Antes de entrar en las negociaciones del Campamento David, la negativa de Israel en hacerle concesiones a los palestinos se convirtió en rehén de maniobras conscientemente destructivas por parte de elementos de extrema derecha, quienes toda la historia de Israel había forjado, sobretodo durante el período después del 1967. Bajo presión de estas capas, el gobierno de Barak se desplomó debido a las defecciones de su propio partido y de los socios derechistas en su coalición. La desilusión aumentó entre aquellos israelitas que se habían esperanzado con que Barak lograría la paz.

Con la élite estadounidense preocupada por la campaña electoral presidencial, el Likud decidió que había llegado el momento decisivo para barrer con toda oportunidad de llegar a un acuerdo. Ariel Sharon, dirigente del Likud, provocativamente visitó el Templo del Monte bajo intensa protección militar, y las fuerzas israelitas prosiguieron con la matanza de los palestinos.
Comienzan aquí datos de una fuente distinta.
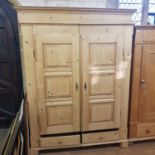A pine wardrobe, 146 cm wide, and a pine hall cupboard, 95 cm wide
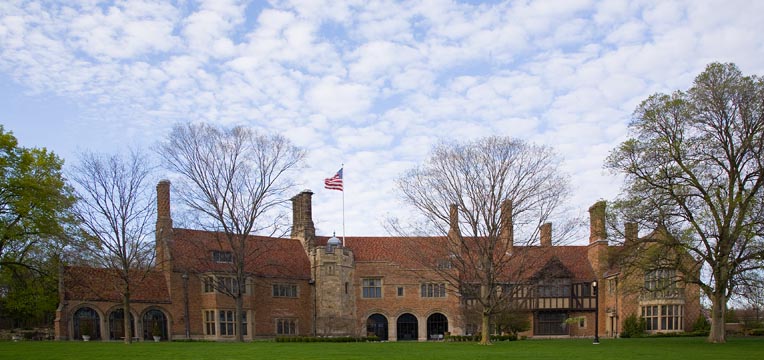 A wide shot photo of meadow brook hall in the Spring time. Blue sky with some clouds and budding trees.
Barak rehusó condenar la provocación de Sharon y culpó a Arafat de la violencia que no se podía controlar. El gobierno de Barak y el Likud ambos parecen haber calculado de antemano que la visita de Sharon resultaría en una sublevación, la cual podrían usar contra Arafat. Pero colectivamente calcularon mal la intensidad de la ira y de la oposición que se desencadenaron. Barak le dio su apoyo completo al Likud.

Una perspectiva nueva

La transformación repentina de la postura pública de Barak—de conciliadora a belicista—ha mostrado que ningún sector de la élite política israelita es capaz de poner a un lado los métodos represivos policiacos que han caracterizado al estado sionista desde sus comienzos. La diplomacia de los poderes occidentales tampoco han podido ponerle fin a las atrocidades sionistas. Es imposible reconciliar la existencia de naciones que se basan en el exclusivismo étnico, racial o religioso con la democracia genuina. Los esfuerzos del imperialismo para mantener semejante estado en Israel, a la vez que le implora que conceda derechos democráticos limitados a los palestinos, han sido inútiles.

El carácter fundamentalmente reaccionario de la perspectiva nacionalista sionista ha encontrado su expresión más avanzada. Casi una década después del tan llamado “proceso de paz”, Israel se encuentra mucho más cerca a una guerra total contra los palestinos que durante cualquier momento de su historia reciente. Es posible que todavía pueda desatar una conflagración que consuma a todo el Medio Oriente. La desintegración y la posibilidad una guerra civil amenazan a la sociedad israelita misma. Hay indicios cuya veracidad aumenta que los árabes israelitas—20% de la población—por primera vez le brinden su apoyo a los palestinos.

En Israel, son los hombros el movimiento obrero, de los activistas que abogan por los derechos democráticos y de los intelectuales socialistas que llevan el peso de levantar oposición a mayor derramamiento de sangre. Todo el que se ha comprometido a lograr la paz con sus vecinos árabes tiene que reconocer que esta causa es incompatible con darle apoyo al aparato del estado sionista o a la ideología nacionalista que lo engendró. No importa las ilusiones que estas capas hayan tenido antes, el estado israelí ha comprobado que en nada se distingue del viejo régimen segregacionista del África del Sur.

La alternativa está bien clara: o se le entrega toda la iniciativa política a Sharon y a sus compinches y se hacen preparaciones para una catástrofe militar y una sangrienta guerra civil, o se busca la manera de unir a los judíos y a los árabes sobre un programa democrático, secular y socialista para formar Los Estados Socialistas Unidos del Medio Oriente en el cual todos los pueblos de la región puedan vivir en armonía.